Harness Engineering

Posted on: Thu 19 February 2026

Previously, I had picked up on Mitchell Hashimoto using the phrase “harness engineering”. That term might be catching on.

Quoting OpenAI’s recent post, entitled “Harness engineering: leveraging Codex in an agent-first world”:

Over the past five months, our team has been running an experiment: building and shipping an internal beta of a software product with 0 lines of manually-written code.

The product has internal daily users and external alpha testers. It ships, deploys, breaks, and gets fixed. What’s different is that every line of code—application logic, tests, CI configuration, documentation, observability, and internal tooling—has been written by Codex. We estimate that we built this in about 1/10th the time it would have taken to write the code by hand.

Birgitta Böckeler, a Distinguished Engineer at Thoughtworks, follows up further on the impacts of harness engineering.

It was very interesting to read OpenAI’s recent write-up on “Harness engineering” which describes how a team used “no manually typed code at all” as a forcing function to build a harness for maintaining a large application with AI agents. After 5 months, they’ve built a real product that’s now over 1 million lines of code.

The article is titled “Harness engineering: leveraging Codex in an agent-first world”, but only mentions “harness” once in the text. Maybe the term was an afterthought inspired by Mitchell Hashimoto’s recent blog post. Either way, I like “harness” as a word to describe the tooling and practices we can use to keep AI agents in check.

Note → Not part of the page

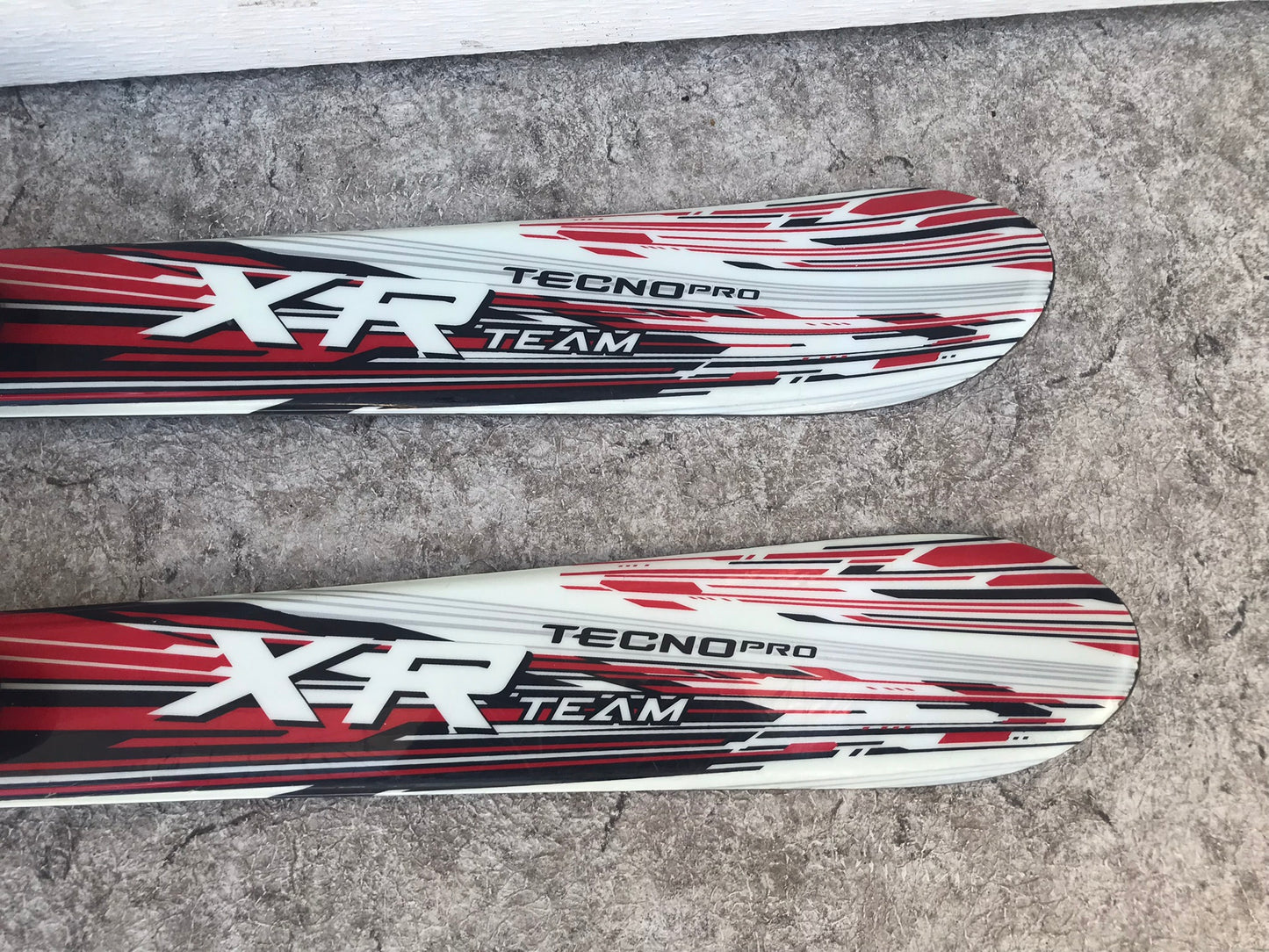 Ski 110 Tecno X Team Parabolic Red Black White With Bindings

The OpenAI team’s harness components mix deterministic and LLM-based approaches across 3 categories (grouping based on my interpretation):

Context engineering: Continuously enhanced knowledge base in the codebase, plus agent access to dynamic context like observability data and browser navigation

Architectural constraints: Monitored not only by the LLM-based agents, but also deterministic custom linters and structural tests

“Garbage collection”: Agents that run periodically to find inconsistencies in documentation or violations of architectural constraints, fighting entropy and decay

Working from an assumption that OpenAI is engaged in good-faith reporting on the final app, which is currently an internal beta, Böckeler draws some implications for production software development. Will harnesses become the new service templates? Does the AI need more constraints on its autonomy, not fewer guardrails, to deliver robust software? Is it even possible to apply this approach to pre-AI codebases?

She closes out with:

And finally, for once, I like a term in this space. Though it’s only 2 weeks old — I can probably hold my metaphorical breath until somebody calls their one-prompt, LLM-based code review agent a harness…

Personally, I had been thinking of “the harness” from the perspective of an individual developer. What’s the GUI-based IDE, or TUI that they use on a daily basis to interact with a codebase and drive agentic coding? What are its affordances, and what constraints does it place on a model’s code generation?

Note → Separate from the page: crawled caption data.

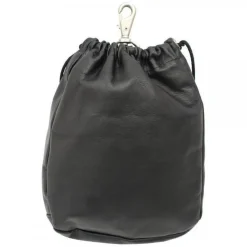 Piel Leather Large Drawstring Pouch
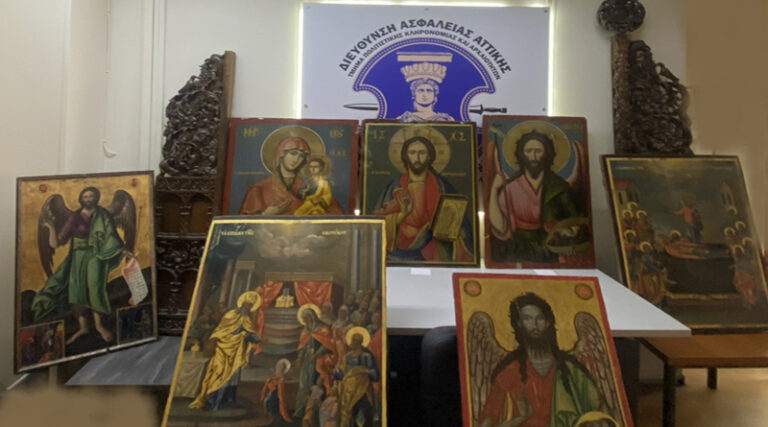 Η Μητρόπολη Ιωαννίνων αναμένει την επιστροφή των κλεμμένων εικόνων που εντοπίστηκαν σε Μονή στο Γέρακα Αττικής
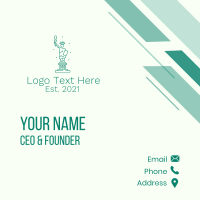 Minimalist Statue of Liberty Business Card Design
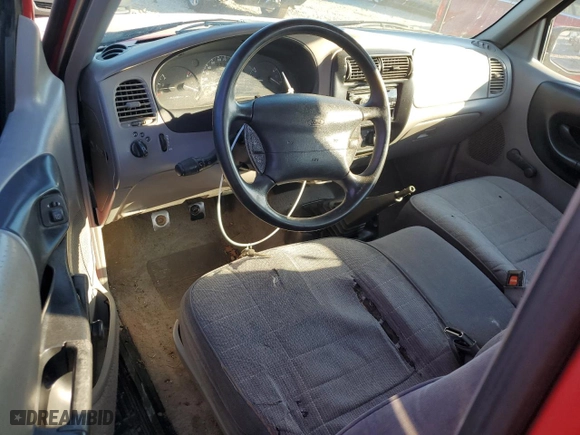 1995 Ford Ranger Splash with VIN 1FTCR14U0STA43647, listed as a Copart auction lot 72227474 with 151,875 mi miles and Clean Title. Bid and sale history available at carsss.com. Image 8.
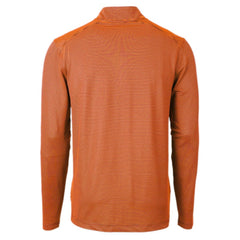 Detroit Tigers Cutter & Buck Virtue Eco Pique Micro Stripe Recycled Quarter-Zip Pullover Top - Orange/Navy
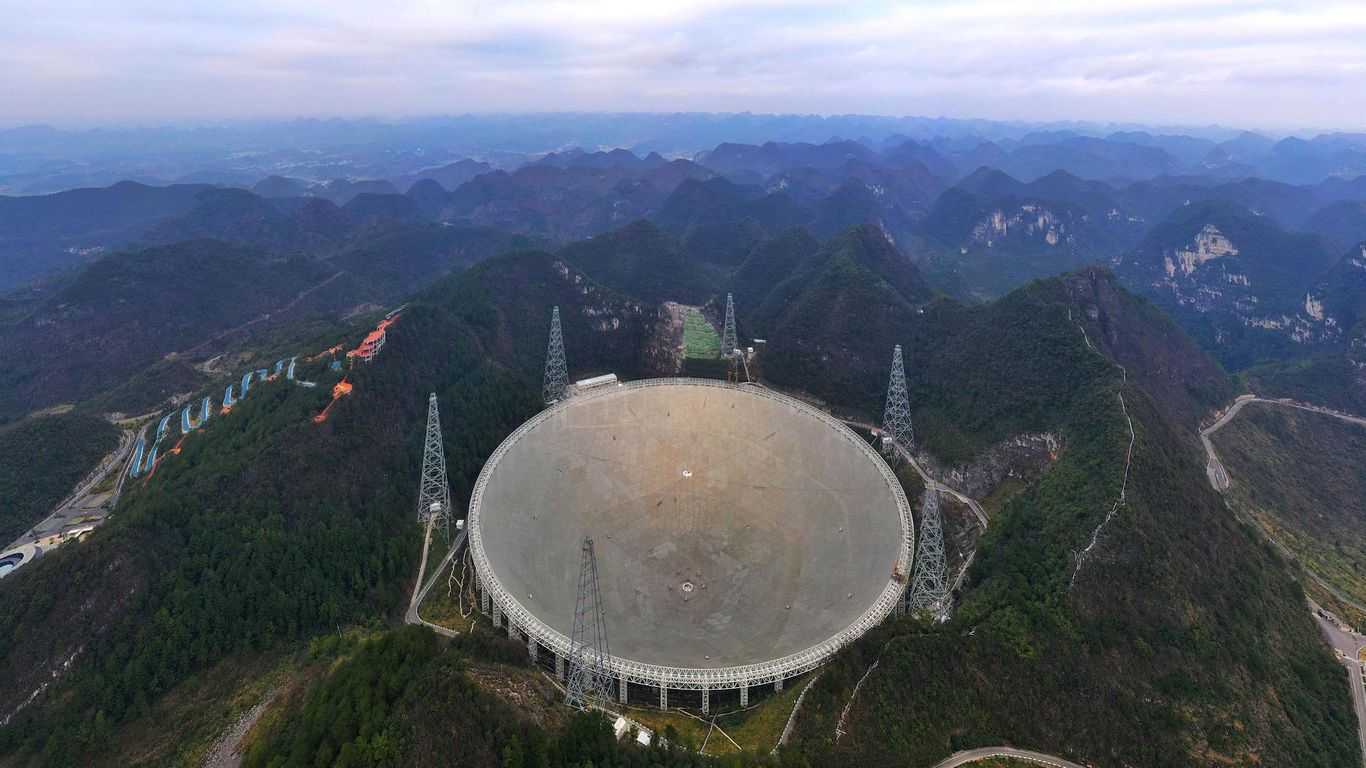 Что ждать ученым от крупнейшего в мире китайского радиотелескопа. обсерватория fast радиотелескоп в китае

Zooming out a bit to the project or organizational level makes a lot of sense, though. As described by OpenAI, that’s not a single system or tool but a set of processes they discovered on the fly for this effort. With repetition, patterns will emerge, become codified, and eventually reified into new software tools. Then you could have a nice intersection between the project’s harness and a developer’s harness. Sort of like how git is a narrow waist that joins CI/CD approaches and developer environments, based upon a particular perspective on source code version control.

Hold on to your knickers! Prepare for turbulence.